Culto no Cinema

Autoria: Francisca Branco (LEAer) e Patrícia Marques (LEFT)

Encontramos no cinema vias de expressão e representação únicas – por vezes, toma até a forma de trabalho historiográfico e (propositadamente ou não) didático. Não é a nossa intenção primária neste artigo qualificar as caracterizações de cultos – que são aqui referidos enquanto a soma de atitudes e crenças associadas à veneração de uma entidade – nem explorar o rigor das reproduções face à realidade, até porque exploramos histórias reais e fictícias. Procuramos, sobretudo, entender como se dá uso à linguagem específica do cinema para fazer retratos de rituais, pessoas e ambientes associados a cultos, à sua integração e às suas dinâmicas.

The Wicker Man é talvez uma das obras de terror mais influentes, sendo considerado um ícone do folk horror, não fossem claras as semelhanças com, por exemplo, Midsommar, um filme de 2019 da autoria de Ari Aster ou o videoclipe da música Burn the Witch [3] dos aclamados Radiohead. É na figura do Sargento Howie, um polícia vindo do continente encarregue de investigar o desaparecimento de uma menina na ilha escocesa onde se passa todo o enredo, que acompanhamos o conflito entre a religião cristã e o paganismo que, neste caso, remonta às origens celtas. A dualidade entre o tipo de culto não é apenas explorada através das práticas e crenças (ressuscitação vs. reencarnação, exploração da perspetiva de salvação segundo o sacrifício). Embora tenha a fé profundamente cravada em si, a figura de autoridade legal, lógica e pragmática, contrasta com o líder local, uma personalidade cujo carisma e envolvimento com a comunidade são as principais características. Estas relacionam-se, claro, com as de qualquer líder de um culto real, usualmente dito como “visionário” ou “carismático”. [4] Em Midsommar, são também abundantes as cenas ritualísticas à luz do dia, elementos sexuais e referências à fertilidade feminina, no entanto, o envolvimento da personagem principal no culto sueco tem uma motivação, desenlace e foco mais pessoais. Fragilizada pelos eventos familiares traumáticos e a relação amorosa em deterioração, Dani, interpretada pela atriz britânica Florence Pugh, é levada a encontrar um sentimento de pertença e sentido em Hårga, o culto pagão sueco que é cerne da história. [7]

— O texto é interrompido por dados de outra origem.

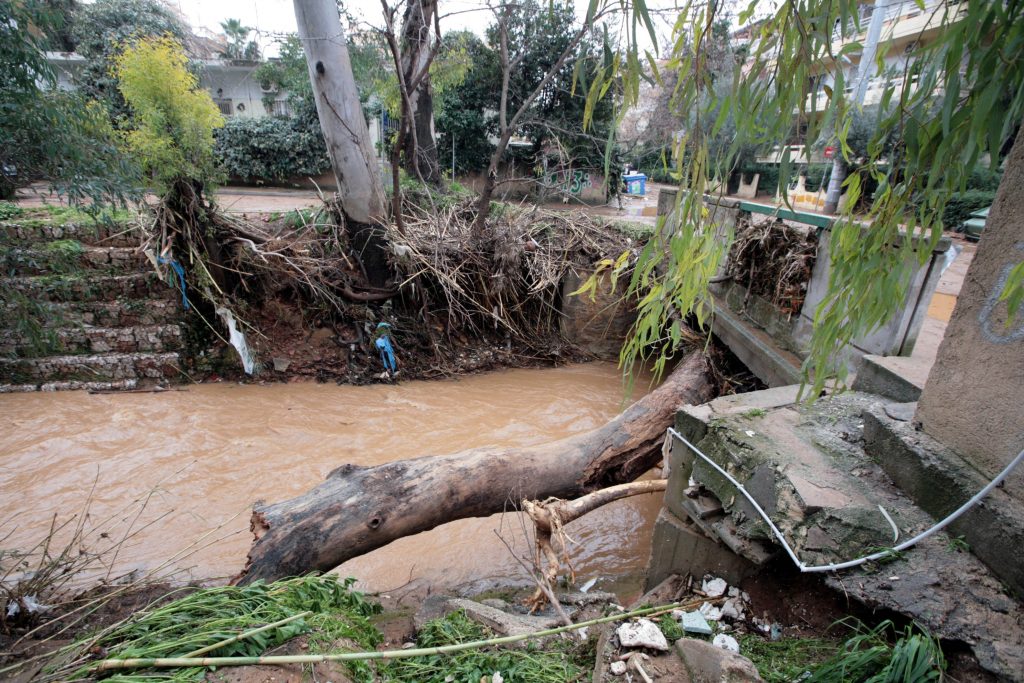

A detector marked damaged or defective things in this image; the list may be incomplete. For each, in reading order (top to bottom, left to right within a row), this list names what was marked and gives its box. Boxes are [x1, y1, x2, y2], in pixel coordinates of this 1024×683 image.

broken concrete step [0, 220, 140, 247]
broken concrete step [0, 246, 148, 278]
broken concrete step [0, 274, 174, 304]
broken concrete step [4, 300, 183, 330]
damaged concrete wall [916, 128, 1024, 500]
broken concrete step [0, 326, 182, 358]
broken concrete step [0, 376, 138, 392]
broken concrete step [0, 352, 180, 384]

The Sound of My Voice (2011) apresenta-nos Maggie, uma misteriosa visitante do ano 2054, que se viu perdida em 2011. Acompanhamos a sua missão humanista pelos olhos de Lorna e Peter, um casal que se infiltra no culto de Maggie com o intuito de o expor como uma fraude, através de um documentário. Esperançosos em encontrar o típico líder persuasivo, deparam-se com uma figura frágil, pacífica, cujas palavras dóceis atuam como arma silenciosa, entrando lentamente na mente de quem as ouve no momento certo. O cenário da cave onde a ação se desenrola é desconfortante desde os primeiros minutos – não que esteja a acontecer algo peculiar, mas o ambiente que consome aquele local pressupõe um clima fatídico, quase como se aquela entidade dominante estivesse a traçar a sina de qualquer aspirante a seu seguidor. Vemos maioritariamente representados elementos introspetivos, com apelos constantes à libertação do interior pessoal e abordagem de passados obscuros em troca de uma promessa de salvação quando o cruel futuro se aproximar. [12] Zal Batmanglij, diretor do filme, explora essencialmente de que maneira a atmosfera cultista converte as pessoas mais assertivas em fortes crentes.

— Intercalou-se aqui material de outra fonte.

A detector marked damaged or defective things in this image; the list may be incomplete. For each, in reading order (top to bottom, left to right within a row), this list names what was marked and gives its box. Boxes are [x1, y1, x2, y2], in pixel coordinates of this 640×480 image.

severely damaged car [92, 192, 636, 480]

“If they were broken and could just stay in their brokenness, I think, Brit and I would have been more comfortable with the situation. But the idea that this group was going to save them with a snap of a finger fascinated me.”

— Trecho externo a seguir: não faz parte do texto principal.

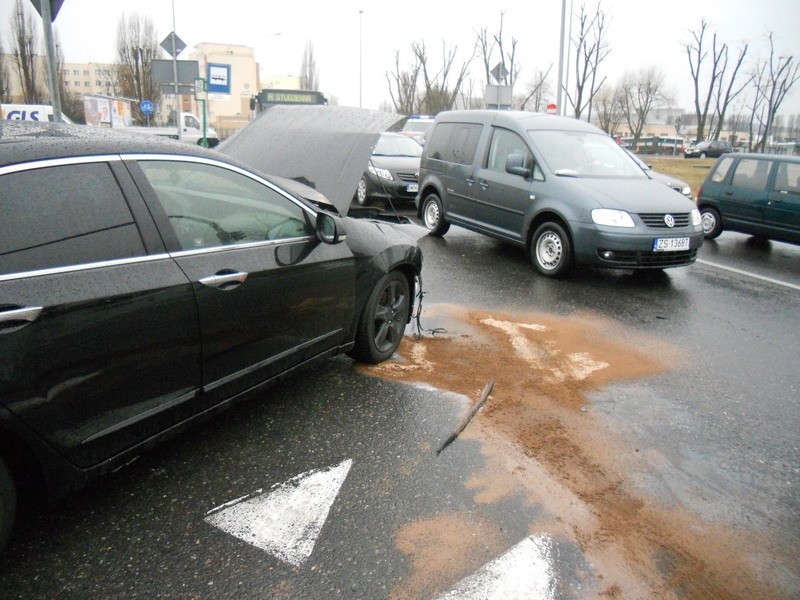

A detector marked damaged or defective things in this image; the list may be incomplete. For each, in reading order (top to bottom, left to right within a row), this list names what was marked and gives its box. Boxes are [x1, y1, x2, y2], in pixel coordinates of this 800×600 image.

black damaged car [0, 119, 422, 552]
crumpled car hood [219, 105, 406, 216] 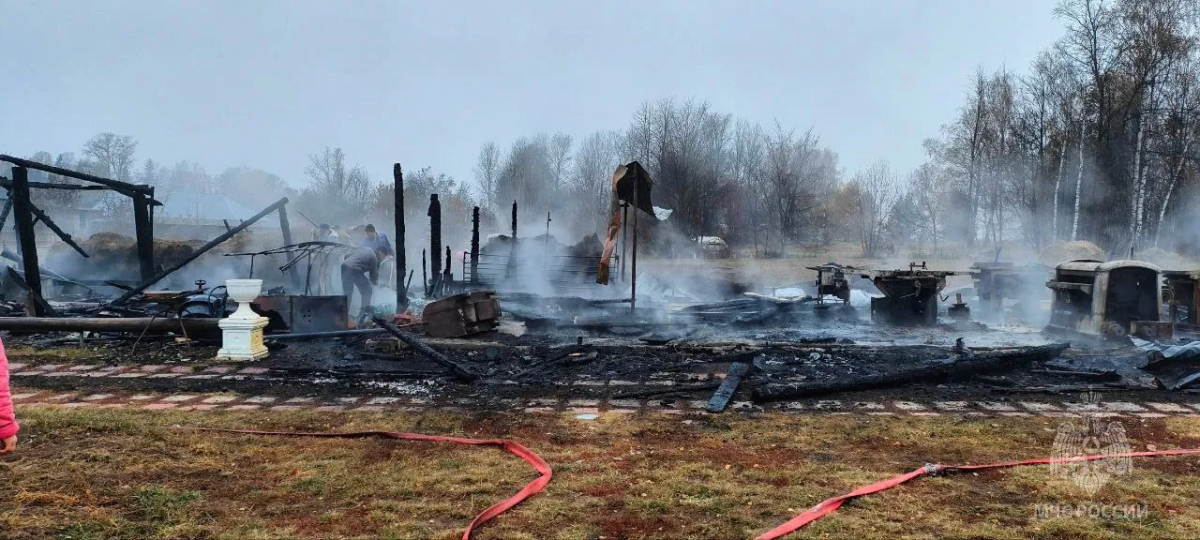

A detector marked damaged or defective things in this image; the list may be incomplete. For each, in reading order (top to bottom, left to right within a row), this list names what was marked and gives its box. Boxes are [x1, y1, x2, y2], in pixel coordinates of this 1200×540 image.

charred wooden beam [0, 154, 155, 196]
burnt wooden post [10, 167, 43, 314]
charred wooden beam [10, 167, 43, 314]
burnt wooden post [133, 190, 156, 280]
charred wooden beam [112, 196, 290, 304]
charred wooden beam [0, 316, 219, 334]
charred wooden beam [368, 316, 480, 380]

– Zal Batmanglij, 2012 [13]

Paul Thomas Anderson é um dos cineastas mais reconhecidos dos nossos dias e o seu repertório de filmes é aplaudido quase sem exceção. Familiarizamo-nos, entre os seus objetos de estudo, com o das relações interpessoais, em particular, a ligação paternal que é tópico tanto em There Will Be Blood (2007) como em The Master (2012), embora em contextos e profundidades muitíssimo diferentes.*** Neste último, a relação de pai-filho é estabelecida entre as personagens Lancaster Dodd (Philip Seymour Hoffman) e Freddie (Joaquin Phoenix), respetivamente. Este veterano da Segunda Guerra Mundial, Freddie, que lida com dominantes doses de pós-trauma e tendências violentas, acaba por se cruzar com Dodd, líder magnético do movimento filosófico The Cause, tornando-se, no fundo, um dos seus casos de estudo. A aceitação, o senso de utilidade e a aparente mentoria são componentes de forte peso na integração de Freddie na família e no culto retratado, que rapidamente foi comparado pelo público à Igreja da Cientologia, fundada por L. Ron Hubbard no século passado. As alegações foram comentadas pelo autor: “I didn’t want it to be a biography. It’s not the L. Ron Hubbard story”. [15] The Master pode ser entendido, assim, não como uma descrição de um sistemas de crenças e práticas específico mas como um meio para melhor entendermos como esse conjunto de cânones combinado com ligação emocional contribuem para características comuns daquilo que é um culto – exploração e dominância. É um dos exemplos como o ato de servir é nebuloso nas suas implicações e motivações.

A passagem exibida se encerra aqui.